Directions:
The answer should consist of every record, reproduced exactly.

Available records:
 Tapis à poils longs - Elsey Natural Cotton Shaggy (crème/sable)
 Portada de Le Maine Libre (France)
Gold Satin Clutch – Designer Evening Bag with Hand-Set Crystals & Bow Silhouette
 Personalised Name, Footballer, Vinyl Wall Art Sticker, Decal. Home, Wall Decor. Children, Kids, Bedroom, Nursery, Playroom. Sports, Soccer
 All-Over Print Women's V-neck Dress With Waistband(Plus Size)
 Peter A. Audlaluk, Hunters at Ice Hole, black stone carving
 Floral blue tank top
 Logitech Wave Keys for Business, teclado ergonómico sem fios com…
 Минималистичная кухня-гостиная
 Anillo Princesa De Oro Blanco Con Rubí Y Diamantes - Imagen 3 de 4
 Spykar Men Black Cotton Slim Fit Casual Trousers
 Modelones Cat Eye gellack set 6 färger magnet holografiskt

Solved problem:
 Tapis à poils longs - Elsey Natural Cotton Shaggy (crème/sable)
 Portada de Le Maine Libre (France)
Gold Satin Clutch – Designer Evening Bag with Hand-Set Crystals & Bow Silhouette
 Personalised Name, Footballer, Vinyl Wall Art Sticker, Decal. Home, Wall Decor. Children, Kids, Bedroom, Nursery, Playroom. Sports, Soccer
 All-Over Print Women's V-neck Dress With Waistband(Plus Size)
 Peter A. Audlaluk, Hunters at Ice Hole, black stone carving
 Floral blue tank top
 Logitech Wave Keys for Business, teclado ergonómico sem fios com…
 Минималистичная кухня-гостиная
 Anillo Princesa De Oro Blanco Con Rubí Y Diamantes - Imagen 3 de 4
 Spykar Men Black Cotton Slim Fit Casual Trousers
 Modelones Cat Eye gellack set 6 färger magnet holografiskt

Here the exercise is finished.